Officials released a strategy in June outlining the need for energy conservation in military operations. In the plan released today, Defense Secretary Leon E. Panetta reiterates that the department must do its part to reduce U.S. fuel consumption not only to save money, but also to have less reliance on foreign oil and to improve security for U.S. forces who transport fuel into battle spaces.
“Energy security means a reliable, secure and affordable supply of energy for military missions, today and in the future,” the secretary said.
The implementation plan outlines a three-part strategy of reducing the demand for energy, securing diverse options beyond fossil fuels, and building energy security considerations into all military planning.
“This is a question of making sure the whole department is executing this strategy and using energy to support military operations better and interoperable and in a way that supports the whole department better,” said Sharon E. Burke, assistant secretary of defense for operational energy plans and programs.
The plan creates a Defense Operational Energy Board to oversee the department’s progress. Military services and DOD agencies are to report to the board on their energy consumption last year and projected consumption for the next five years, the plan says. The board will work with the services and agencies on actions needed to improve their consumption baselines.
The services have reported goals for:
— The Army to have 16 “Net Zero” installations by 2020 and 25 by 2030 — installations that do not use more energy or water than they produce and reduce waste by recycling;
— The Navy to reduce fuel consumption afloat by 15 percent by 2020;
— The Air Force to increase aviation energy efficiency by 10 percent by 2020; and
— The Marine Corps to increase energy efficiency on the battlefield by 50 percent by 2025, and, as a result, reduce daily fuel consumption per Marine by 50 percent in the same time.
The combatant commands will then report to the board on how they guide their forces to improve energy performance and efficiency, such as the ability to field fuel quickly and the use of alternative energy technologies.
The board is to develop departmentwide energy performance metrics in consultation with the DOD components and based on consumption baselines.

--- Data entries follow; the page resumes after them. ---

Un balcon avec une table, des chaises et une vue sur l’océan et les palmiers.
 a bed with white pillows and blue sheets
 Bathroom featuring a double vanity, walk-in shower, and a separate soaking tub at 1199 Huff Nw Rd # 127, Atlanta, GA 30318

The assistant secretary of defense for research and engineering is to assess the department’s gaps in energy science and technology and report recommendations to the board.
The plan also calls for:
— Improving operational energy security at fixed installations;
— Promoting the development of alternative fuels;
— Incorporating energy security considerations into requirements and acquisitions; and
— Adapting policy, doctrine, military education and combatant command activities to support reduced demand of energy.
“Even though the strategy and implementation plan is new,” Burke said, “the department has been making progress for some time in using less energy more fight for less fuel. We haven’t been standing still on this.”
Soldiers and Marines have reduced their energy consumption in Afghanistan by using solar rechargeable batteries, solar microgrids, more efficient tents and better fixed shelters, Burke said. Also, she added, the Army is using generators at its forward operating bases that are 20 percent more efficient, and become even more efficient by being wired together. The Navy, too, has made good progress by incorporating energy considerations into its acquisitions process, Burke said.
Less demand for energy and more conservation lessens the risk to troops to transport fuel through battle zones, she said.
“When you’re focused on the fight, the most important thing is that the energy be there — and that’s how it should be,” Burke said. “But people also are beginning to understand there is a cost to using and moving that much fuel.”
Stateside, Fort Bliss, Texas, and Fort Carson, Colo., as well as the Oregon National Guard, are showing progress toward the Army’s Net Zero goal, the plan released today says.
“There’s a lot of good things going on, and a lot more needs to happen,” Burke said. The department’s energy conservation effort, she added, is both a challenge and an opportunity. “Energy … shapes our missions, and we can shape it,” she said.
As part of the implementation plan, Panetta wrote that the rising global demand for energy, changing geopolitics and new threats will make the cost and availability of energy even less certain in the future.
“Energy security is an imperative our economic well-being and international interests depend on it,” he said.